From: Aberrant gene expression prediction across human tissues

Fig. 5

a Precision-recall curve of AbExp (trained with and without using the biological coefficient of variation), CADD, and LOFTEE on distinguishing pathogenic from benign and likely begin variants in ClinVar. LOFTEE as a binary predictor is shown as a single point. The dashed vertical bars denote the high and low confidence cutoffs of AbExp. b Odds-ratio of high-impact variants among 4,921,131,336 absent, 62,134,299 singleton, 38,474,061 rare (MAF < 0.1%), and 14,438,258 common SNVs in gnomAD for the models shown in (a). The analysis is restricted to variants within 5 kb of protein-coding genes. Error bars show Wald 95% confidence intervals from logistic regression fits.
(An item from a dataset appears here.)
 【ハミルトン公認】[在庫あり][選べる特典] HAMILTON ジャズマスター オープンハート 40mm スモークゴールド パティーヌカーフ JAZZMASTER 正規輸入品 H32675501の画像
The high-impact cutoffs for CADD and AbExp without BCV were set to match the quantile of the high-impact cutoff of AbExp. c As in (b) among SNVs absent in gnomAD as a function of gene LOEUF decile22. Genes with a high LOEUF are more tolerant to loss of function. Error bars as in (b). d BCV versus LOEUF across all genes and tissues. The black line shows a running median between LOEUF and BCV highlighting the two genes from Fig. 2d. The autosomal recessive gene LTBP3 has a low LOEUF, denoting a low loss-of-function tolerance. In contrast, the olfactory gene OR2W3 has a high LOEUF, denoting a large loss-of-function tolerance.